SKOV3 (a kind gift from Dr. Mark Nachtigal, University of Manitoba) [16] and HeLa cells (ATCC) were cultured in Dulbecco's Modified Eagle's Medium (DMEM) containing 10% fetal bovine serum (FBS) and penicillin/streptomycin/L-glutamine (P/S/G) (Invitrogen). OvCa 429 cells (Dr. Mark Nachtigal) [16] were cultured in alpha-MEM containing 10% FBS and P/S/G. WERI-Rb1 retinoblastoma cells (positive control for Sp1 binding) were cultured in Iscove's modified Dulbecco's medium (IMDM) containing 10% FBS (PAA laboratories), P/S/G, 10 μg/mL insulin, and 55 μM β-mercaptoethanol. Cell cultures were maintained at 5% CO2 with humidity in a 37°C incubator. Cell line identity was confirmed by short tandem repeat profiling.

Transfection of Reporter Constructs and siRNA

Trypsinized cells were seeded at a density of 5×104 cells/mL. 24 hours after seeding, equal amounts (0.5 μg) of both reporter and cytomegalovirus-β-galactosidase (pCMV-β-gal, Promega) constructs were cotransfected into triplicate 12-well plates using Gene Juice (Novagen). To evaluate the endogenous effect of transcription factor knockdown on KIF14 levels, a set of 3 siRNAs (Sigma Aldrich) for HSF1, Sp1, and YY1 were transfected at an amount of 0.5 nmol into 60 mm dishes. Target sequences for each siRNA are listed in Table S2. Transfections were carried out in triplicate according to the manufacturers' instructions and repeated at least three times.

Luciferase and β-galactosidase Assay

Cells that were cotransfected with reporter and pCMV-β-gal constructs were harvested 24 hours after transfection. Cell lysates were prepared and assayed for luciferase activity using the Luciferase Assay System (Promega) in accordance to its protocol. Luciferase activity was normalized to β-galactosidase activity (measured by hydrolysis of the colorimetric substrate ONPG [O-nitrophenyl β-d-galactopyranoside], Sigma) and expressed as a relative percentage of pRSV-Luc control.

Clinical Samples

Twenty-six fresh frozen OvCa tumor samples, ten fresh frozen normal non-neoplastic ovaries from patients undergoing oophorectomy for non-oncological conditions and four normal tubal epithelium tissues were obtained from the University Health Network (UHN) Biobank. The UHN Research Ethics Board approved the study of tissue samples and associated clinical data (#08-0884-TE), and all tissues were banked with written informed consent.
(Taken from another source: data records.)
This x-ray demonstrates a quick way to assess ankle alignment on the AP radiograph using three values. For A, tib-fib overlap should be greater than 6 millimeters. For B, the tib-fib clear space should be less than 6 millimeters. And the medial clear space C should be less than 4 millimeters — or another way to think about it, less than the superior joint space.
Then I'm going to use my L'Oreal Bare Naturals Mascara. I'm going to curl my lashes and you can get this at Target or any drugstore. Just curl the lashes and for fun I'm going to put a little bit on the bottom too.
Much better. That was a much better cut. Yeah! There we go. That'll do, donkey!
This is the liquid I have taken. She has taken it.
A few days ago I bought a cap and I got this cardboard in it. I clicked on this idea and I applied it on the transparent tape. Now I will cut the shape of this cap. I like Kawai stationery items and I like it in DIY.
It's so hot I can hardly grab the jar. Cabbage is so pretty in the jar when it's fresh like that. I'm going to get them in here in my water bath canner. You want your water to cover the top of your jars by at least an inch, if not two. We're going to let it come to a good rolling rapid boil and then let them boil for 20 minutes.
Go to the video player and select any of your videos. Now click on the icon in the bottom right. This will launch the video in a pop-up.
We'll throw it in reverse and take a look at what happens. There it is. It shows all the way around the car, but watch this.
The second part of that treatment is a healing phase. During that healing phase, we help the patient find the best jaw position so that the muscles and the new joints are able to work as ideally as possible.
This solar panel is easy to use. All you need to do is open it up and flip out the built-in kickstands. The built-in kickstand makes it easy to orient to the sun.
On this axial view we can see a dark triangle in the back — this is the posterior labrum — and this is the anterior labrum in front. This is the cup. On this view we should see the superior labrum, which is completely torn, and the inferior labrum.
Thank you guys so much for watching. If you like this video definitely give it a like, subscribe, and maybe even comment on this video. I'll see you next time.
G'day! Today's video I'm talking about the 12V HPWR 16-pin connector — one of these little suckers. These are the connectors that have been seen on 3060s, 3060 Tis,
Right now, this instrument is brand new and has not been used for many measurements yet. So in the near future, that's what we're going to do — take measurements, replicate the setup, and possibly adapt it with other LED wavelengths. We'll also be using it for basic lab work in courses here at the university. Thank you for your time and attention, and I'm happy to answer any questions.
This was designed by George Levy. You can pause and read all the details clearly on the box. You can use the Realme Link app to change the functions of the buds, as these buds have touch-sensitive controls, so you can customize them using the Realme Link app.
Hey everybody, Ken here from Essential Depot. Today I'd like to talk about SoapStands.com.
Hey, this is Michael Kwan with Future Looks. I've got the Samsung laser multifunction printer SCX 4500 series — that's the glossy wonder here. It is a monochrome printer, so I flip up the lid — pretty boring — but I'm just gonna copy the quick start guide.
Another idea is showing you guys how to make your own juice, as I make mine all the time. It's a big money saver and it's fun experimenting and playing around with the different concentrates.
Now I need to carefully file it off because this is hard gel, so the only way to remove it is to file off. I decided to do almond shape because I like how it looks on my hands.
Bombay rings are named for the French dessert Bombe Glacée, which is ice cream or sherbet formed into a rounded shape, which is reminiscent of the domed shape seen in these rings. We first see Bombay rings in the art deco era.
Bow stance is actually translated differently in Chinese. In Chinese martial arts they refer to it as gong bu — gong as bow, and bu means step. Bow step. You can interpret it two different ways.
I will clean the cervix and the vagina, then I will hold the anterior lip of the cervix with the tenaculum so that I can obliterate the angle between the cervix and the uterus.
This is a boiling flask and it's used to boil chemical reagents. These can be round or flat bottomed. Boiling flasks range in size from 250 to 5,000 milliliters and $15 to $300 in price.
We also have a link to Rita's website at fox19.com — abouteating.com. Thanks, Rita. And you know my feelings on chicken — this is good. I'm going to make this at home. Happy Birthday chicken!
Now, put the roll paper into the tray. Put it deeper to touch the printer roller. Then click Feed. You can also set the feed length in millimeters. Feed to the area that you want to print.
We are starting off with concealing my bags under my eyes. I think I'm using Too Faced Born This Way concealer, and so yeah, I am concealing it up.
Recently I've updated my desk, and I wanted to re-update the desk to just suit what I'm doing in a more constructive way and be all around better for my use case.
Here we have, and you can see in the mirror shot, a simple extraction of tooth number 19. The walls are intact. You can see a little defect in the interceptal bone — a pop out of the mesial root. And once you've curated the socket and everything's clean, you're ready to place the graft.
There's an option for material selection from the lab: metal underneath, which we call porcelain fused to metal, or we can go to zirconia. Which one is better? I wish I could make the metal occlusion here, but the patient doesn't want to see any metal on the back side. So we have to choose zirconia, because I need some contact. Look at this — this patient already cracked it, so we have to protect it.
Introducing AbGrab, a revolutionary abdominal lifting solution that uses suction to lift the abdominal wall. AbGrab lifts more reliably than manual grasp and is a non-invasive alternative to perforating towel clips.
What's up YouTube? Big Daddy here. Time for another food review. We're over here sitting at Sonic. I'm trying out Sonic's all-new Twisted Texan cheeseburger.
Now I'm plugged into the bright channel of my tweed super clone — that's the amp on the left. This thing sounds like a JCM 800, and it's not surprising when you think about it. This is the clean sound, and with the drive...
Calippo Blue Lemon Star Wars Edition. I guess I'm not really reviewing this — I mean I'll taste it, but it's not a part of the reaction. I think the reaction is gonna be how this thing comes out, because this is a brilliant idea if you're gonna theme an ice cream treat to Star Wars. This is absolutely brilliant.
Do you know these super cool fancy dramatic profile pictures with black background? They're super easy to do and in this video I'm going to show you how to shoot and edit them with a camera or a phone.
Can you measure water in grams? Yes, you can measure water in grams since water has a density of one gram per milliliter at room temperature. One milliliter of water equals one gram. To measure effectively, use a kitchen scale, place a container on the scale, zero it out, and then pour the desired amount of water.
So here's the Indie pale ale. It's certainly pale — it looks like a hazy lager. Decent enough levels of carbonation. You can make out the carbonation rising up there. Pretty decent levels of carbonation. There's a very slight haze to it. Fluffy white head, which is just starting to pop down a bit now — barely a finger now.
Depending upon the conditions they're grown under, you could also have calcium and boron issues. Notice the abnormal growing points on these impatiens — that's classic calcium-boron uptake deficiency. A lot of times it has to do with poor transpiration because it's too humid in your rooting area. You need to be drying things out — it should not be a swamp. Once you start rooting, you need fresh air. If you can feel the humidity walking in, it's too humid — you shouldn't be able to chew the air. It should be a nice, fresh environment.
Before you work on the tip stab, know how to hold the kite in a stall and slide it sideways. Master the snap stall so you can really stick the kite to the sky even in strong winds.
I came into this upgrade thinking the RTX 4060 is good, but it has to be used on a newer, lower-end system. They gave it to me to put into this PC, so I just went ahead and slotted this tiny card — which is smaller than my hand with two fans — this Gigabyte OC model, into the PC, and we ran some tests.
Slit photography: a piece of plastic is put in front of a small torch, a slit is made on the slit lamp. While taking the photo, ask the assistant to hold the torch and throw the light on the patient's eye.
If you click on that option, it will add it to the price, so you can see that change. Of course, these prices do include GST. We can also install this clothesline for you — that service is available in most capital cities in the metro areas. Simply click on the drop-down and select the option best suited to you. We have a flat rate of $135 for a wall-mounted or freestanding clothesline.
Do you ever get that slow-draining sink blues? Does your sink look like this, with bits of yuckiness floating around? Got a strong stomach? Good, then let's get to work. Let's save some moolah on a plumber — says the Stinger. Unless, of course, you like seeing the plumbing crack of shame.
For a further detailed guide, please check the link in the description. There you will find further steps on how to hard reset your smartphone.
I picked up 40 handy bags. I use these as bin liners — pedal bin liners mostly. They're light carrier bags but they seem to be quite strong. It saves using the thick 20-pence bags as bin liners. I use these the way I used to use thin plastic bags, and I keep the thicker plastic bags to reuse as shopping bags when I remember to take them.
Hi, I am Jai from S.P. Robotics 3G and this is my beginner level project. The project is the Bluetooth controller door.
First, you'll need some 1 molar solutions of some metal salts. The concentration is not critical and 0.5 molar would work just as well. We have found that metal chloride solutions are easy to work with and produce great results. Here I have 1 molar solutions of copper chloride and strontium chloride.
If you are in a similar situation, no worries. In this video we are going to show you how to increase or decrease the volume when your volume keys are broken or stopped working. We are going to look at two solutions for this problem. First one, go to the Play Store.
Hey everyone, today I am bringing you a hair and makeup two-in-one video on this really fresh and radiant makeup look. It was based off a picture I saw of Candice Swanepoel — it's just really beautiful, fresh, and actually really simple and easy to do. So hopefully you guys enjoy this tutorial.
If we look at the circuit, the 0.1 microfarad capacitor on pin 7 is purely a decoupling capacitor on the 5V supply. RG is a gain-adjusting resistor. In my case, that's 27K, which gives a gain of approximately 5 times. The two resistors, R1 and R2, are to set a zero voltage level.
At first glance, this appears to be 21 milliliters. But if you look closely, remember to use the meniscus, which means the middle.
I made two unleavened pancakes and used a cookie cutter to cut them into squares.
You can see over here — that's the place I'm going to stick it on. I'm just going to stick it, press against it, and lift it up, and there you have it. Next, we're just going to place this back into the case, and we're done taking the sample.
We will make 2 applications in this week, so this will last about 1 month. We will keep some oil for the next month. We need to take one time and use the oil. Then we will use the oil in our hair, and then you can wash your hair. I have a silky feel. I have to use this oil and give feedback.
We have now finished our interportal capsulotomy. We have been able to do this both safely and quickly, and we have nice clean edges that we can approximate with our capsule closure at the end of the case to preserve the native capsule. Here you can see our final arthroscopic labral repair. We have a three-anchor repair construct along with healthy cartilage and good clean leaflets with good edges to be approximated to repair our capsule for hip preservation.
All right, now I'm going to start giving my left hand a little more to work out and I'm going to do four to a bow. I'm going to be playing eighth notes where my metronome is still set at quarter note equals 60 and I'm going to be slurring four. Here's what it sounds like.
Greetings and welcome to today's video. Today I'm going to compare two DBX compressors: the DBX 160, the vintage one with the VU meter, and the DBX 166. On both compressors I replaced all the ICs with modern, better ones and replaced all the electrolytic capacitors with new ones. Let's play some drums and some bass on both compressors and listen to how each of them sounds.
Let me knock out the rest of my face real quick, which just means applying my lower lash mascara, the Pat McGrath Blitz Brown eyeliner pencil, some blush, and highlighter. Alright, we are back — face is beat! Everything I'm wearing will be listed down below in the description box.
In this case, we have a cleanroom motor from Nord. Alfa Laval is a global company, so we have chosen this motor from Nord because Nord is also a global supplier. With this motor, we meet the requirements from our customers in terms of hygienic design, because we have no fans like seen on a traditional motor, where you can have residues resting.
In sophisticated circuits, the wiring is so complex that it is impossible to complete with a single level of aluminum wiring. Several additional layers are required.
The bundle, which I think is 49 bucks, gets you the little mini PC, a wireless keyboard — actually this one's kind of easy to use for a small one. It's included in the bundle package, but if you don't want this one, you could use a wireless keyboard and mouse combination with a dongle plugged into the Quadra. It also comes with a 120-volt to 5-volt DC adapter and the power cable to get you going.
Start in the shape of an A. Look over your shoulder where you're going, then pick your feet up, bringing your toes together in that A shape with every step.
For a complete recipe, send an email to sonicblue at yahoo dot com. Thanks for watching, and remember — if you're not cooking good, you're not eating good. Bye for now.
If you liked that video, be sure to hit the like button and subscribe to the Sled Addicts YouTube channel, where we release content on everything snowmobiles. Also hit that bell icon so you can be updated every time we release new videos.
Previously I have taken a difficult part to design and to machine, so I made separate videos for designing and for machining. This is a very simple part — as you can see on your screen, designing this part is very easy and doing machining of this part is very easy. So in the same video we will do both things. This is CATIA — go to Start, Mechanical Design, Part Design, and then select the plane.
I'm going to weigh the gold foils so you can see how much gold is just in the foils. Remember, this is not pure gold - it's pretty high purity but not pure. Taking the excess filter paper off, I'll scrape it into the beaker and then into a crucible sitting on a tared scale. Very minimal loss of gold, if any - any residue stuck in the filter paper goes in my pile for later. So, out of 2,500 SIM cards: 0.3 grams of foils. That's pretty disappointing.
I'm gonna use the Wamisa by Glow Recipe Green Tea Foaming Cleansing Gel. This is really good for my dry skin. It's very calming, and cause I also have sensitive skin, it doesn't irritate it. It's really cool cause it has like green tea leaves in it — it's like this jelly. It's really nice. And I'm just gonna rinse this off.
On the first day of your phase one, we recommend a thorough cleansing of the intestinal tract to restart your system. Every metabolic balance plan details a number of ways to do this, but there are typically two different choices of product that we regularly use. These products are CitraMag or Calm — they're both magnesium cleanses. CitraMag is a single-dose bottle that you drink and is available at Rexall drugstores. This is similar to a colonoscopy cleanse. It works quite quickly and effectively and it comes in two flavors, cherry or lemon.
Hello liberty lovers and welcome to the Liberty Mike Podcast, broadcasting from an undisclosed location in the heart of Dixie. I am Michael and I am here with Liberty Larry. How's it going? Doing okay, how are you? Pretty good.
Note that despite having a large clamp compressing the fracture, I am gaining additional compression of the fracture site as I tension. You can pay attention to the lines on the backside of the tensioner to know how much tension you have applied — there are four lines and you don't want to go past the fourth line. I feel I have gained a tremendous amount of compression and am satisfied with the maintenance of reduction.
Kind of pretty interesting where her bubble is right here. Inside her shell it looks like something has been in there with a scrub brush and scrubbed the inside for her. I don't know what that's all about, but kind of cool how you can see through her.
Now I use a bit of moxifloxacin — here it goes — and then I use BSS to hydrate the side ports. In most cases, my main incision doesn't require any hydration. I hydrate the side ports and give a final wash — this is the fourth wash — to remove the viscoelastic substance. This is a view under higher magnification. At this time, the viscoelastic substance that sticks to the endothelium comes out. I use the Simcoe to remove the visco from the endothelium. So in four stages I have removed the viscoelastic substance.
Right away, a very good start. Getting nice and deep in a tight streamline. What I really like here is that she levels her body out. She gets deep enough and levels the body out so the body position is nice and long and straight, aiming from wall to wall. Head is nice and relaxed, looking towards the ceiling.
Clinical data associated with the UHN Biobank samples were reviewed by a gynecological oncologist and gynecologic pathologist to ensure data integrity and quality, and all UHN Biobank tissues (adjacent H&E stained slides) were reviewed by a gynecologic pathologist to ensure samples contained >80% tumor cells.

Real-time PCR

Seventy-two hours following transfection with siRNA, cell lines were harvested and total RNA isolated by TRIzol reagent (Invitrogen) according to manufacturer's instructions. OvCa tumor and normal ovary and tubal epithelial RNAs were also isolated by TRIzol reagent as previously described [8]. First-strand cDNA was prepared from 1 μg of total cellular RNA with 100 μM random hexamer primers, 20 U RiboLock RNase Inhibitor (Fermentas), and 200 U Superscript II reverse transcriptase (Invitrogen) in a final volume of 20 μL. 1 μL of synthesized cDNA was added to 1X TaqMan PCR master mix (ABI), and 1X TaqMan Gene Expression Assay primer-probe mix for KIF14 (Hs00978216_m1), Sp1 (Hs00916521_m1), YY1 (Hs00231533_m1), and HSF1 (Hs01027608_g1). Mean expression of three housekeeping genes was used as an endogenous control: TBP (Tata-box binding protein, Hs_99999910_m1), HPRT (Hypoxanthine phosphoribosyl transferase, Hs99999909_m1) and GAPDH (glyceraldehyde-3-phosphate dehydrogenase, Hs99999905_m1). Triplicate reactions were conducted for each gene and each sample, and PCR performed using the SDS 7900HT system (ABI) as described [8]. SDS 2.1 software (ABI) was used to calculate the ΔΔCt relative expression values, normalized to endogenous control genes and relative to either vector control (for cell line siRNA transfections) or expression of normal ovary and tubal epithelial tissue samples (for tissue measurements).

Western Blot Analysis

Seventy-two hours after transfecting siRNA, cells were harvested and lysed with buffer containing 20 mM Tris HCl pH 7.6, 150 mM NaCl, 1 mM ethylenediaminetetraacetic acid (EDTA), 1% Triton X-100, and the protease inhibitors aprotinin, leupeptin, and phenylmethanesulphonylfluoride (PMSF). Total cellular protein was quantified by Bradford assay (BioRad). 30 μg was loaded onto a 4–12% gradient SDS-PAGE precast gel (Lonza) and transferred onto a polyvinylidene difluoride (PVDF) membrane and blocked with 5% BLOTTO (BioRad) in Tris-Buffered Saline-0.05% Tween-20 (TBST). Primary antibodies against KIF14 (Bethyl), Sp1, YY1 and HSF1 (Abcam) and β-tubulin (Sigma) were employed to detect endogenous protein expression. Horseradish peroxidase-labeled secondary antibodies (Chemicon) were detected using a chemiluminescence reagent (Denville) and incubated with photographic film (Denville). Signal intensity measurements were calculated using Photoshop CS3.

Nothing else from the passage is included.